Why the reconstructed knee is not identical to the normal knee

Kyle Anderson's landmark biomechanical study used high-speed stereoradiographic imaging to measure knee kinematics during running in 16 subjects at 5 and 12 months after ACL reconstruction. Despite technically successful surgery, abnormal internal tibial rotation persisted at both time points — the reconstructed knee did not move identically to the uninjured contralateral knee.

The clinical implication is twofold: first, prolonged rehabilitation and return-to-sport criteria based on strength symmetry and neuromuscular testing (not just time) matter. Second, ACL reconstruction reduces but does not eliminate the long-term risk of knee OA — it primarily reduces the mechanical instability that accelerates cartilage and meniscal damage.
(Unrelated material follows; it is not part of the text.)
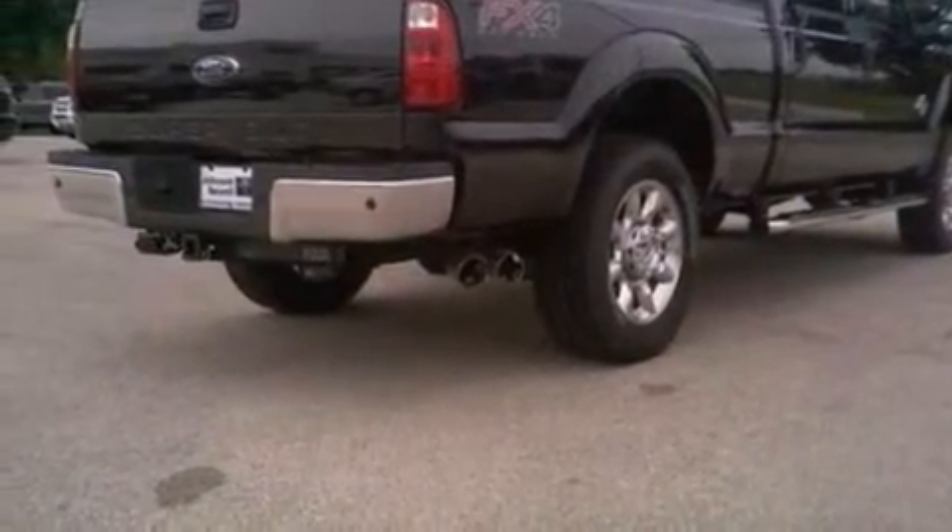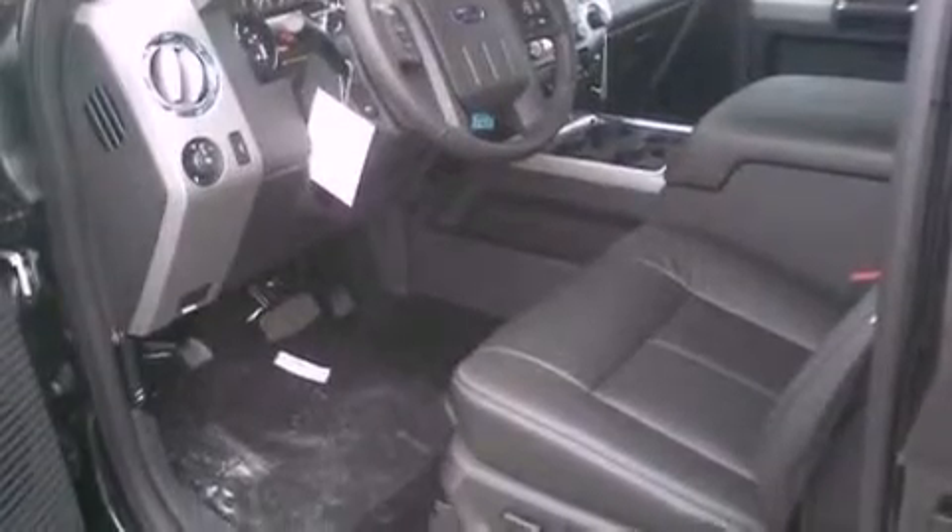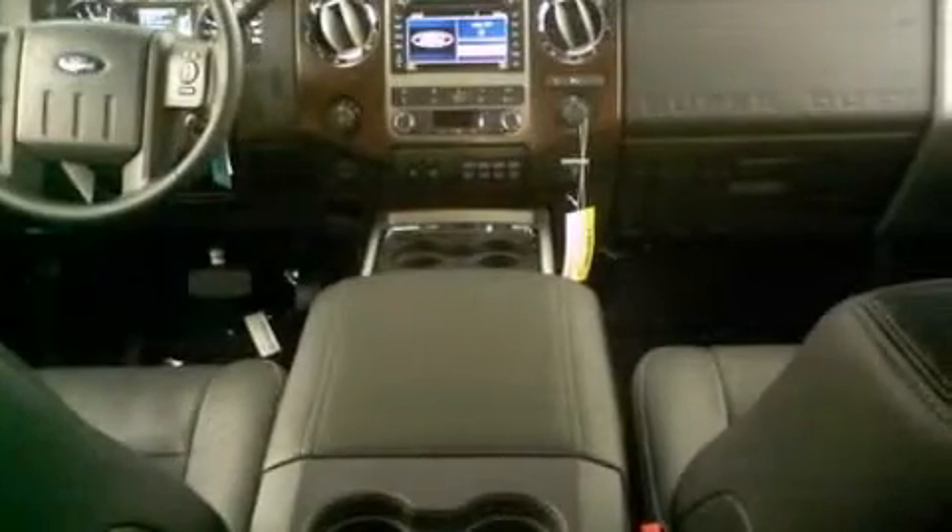Its top features and packages include a low-tire pressure indicator, hill start assist, alloy wheels, and traction control and stability control systems.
The meniscus connection: why delayed surgery increases risk

Brian Cole's cadaveric study of serial medial meniscectomies demonstrated that even partial meniscal removal significantly increases tibiofemoral contact pressures — with greater contact pressure leading to accelerated chondral wear. In ACL-deficient knees, instability episodes cause repetitive micro-damage to the menisci. Each giving-way episode increases the probability of a new or enlarged meniscal tear.
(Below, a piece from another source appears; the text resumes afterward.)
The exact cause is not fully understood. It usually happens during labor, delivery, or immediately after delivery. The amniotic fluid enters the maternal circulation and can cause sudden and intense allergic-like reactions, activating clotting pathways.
When surgery is ultimately performed after significant delay, medial meniscal tears are far more common than at early surgery — and a meniscal tear at the time of ACL reconstruction that cannot be repaired (only partially removed) substantially increases the lifetime risk of knee OA.

Pediatric and adolescent ACL tears: the growth plate problem

Daniel Green's 20-year New York State study documented the increasing rate of ACL reconstruction in skeletally immature patients. Between 1990 and 2009, pediatric ACL reconstruction rates increased 5-fold, driven partly by increased participation in year-round competitive youth sports.
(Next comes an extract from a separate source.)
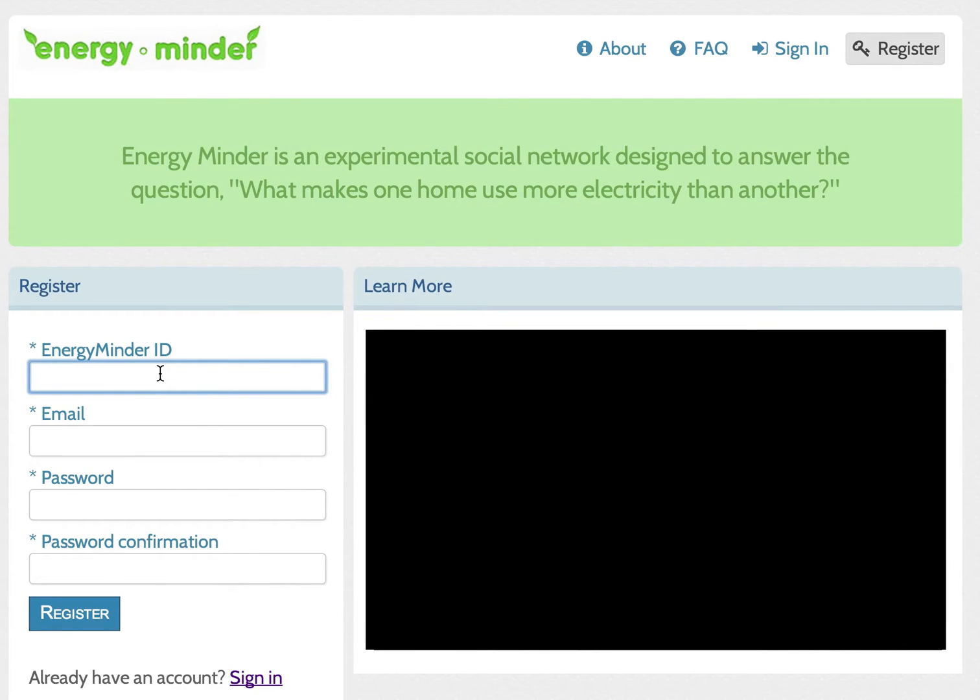EnergyMinder is an experimental website that allows you to participate in the discovery of factors that make one home use more electricity than another.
The challenge in young patients with open physes (growth plates): traditional transphyseal reconstruction techniques carry a small but real risk of growth disturbance — leg length discrepancy or angular deformity. Several physeal-sparing and physeal-respecting techniques have been developed for skeletally immature patients. Green's group at Hospital for Special Surgery has published extensively on these approaches. The current literature supports early operative treatment in skeletally immature patients who are symptomatic, given that bracing and rehabilitation alone have unacceptably high ongoing injury rates at the activity levels these young athletes maintain.

Return to sport after ACL reconstruction

A common misconception is that 9-12 months post-surgery automatically means "ready to return to sport." Current evidence supports criteria-based return-to-sport testing:

• Quadriceps strength symmetry index ≥90% (injured vs. uninjured limb)
• Hop test battery symmetry ≥90%
• Psychological readiness (ACL-RSI questionnaire)
• No effusion, full range of motion

Studies show athletes who return to sport without meeting these criteria have 4-6 times higher re-tear rates.

Questions to ask your doctor

• Am I a good candidate for non-surgical management given my age, activity goals, and whether I have a concurrent meniscal tear?
• What graft choice do you recommend for my specific situation, and why?
• How long will my recovery actually take before I can safely return to sport at full capacity?
• What criteria-based testing will you use to determine when I am ready to return to sport?
• If I have an open growth plate, which surgical technique do you use to minimize growth disturbance risk?
• What is the re-tear rate in your practice for patients in my demographic?

The bottom line

ACL reconstruction is not mandatory for all torn ACLs, but it is strongly indicated for athletes returning to pivoting sports, patients with functional instability, and anyone with a concurrent repairable meniscal tear. Graft choice between patellar tendon and hamstring autograft involves tradeoffs in stability versus donor-site morbidity that should be individualized. Even after technically successful surgery, abnormal knee kinematics persist — making thorough rehabilitation and return-to-sport criteria more important than calendar time. Delaying surgery in active patients who continue to experience instability risks progressive meniscal damage that accelerates long-term knee OA.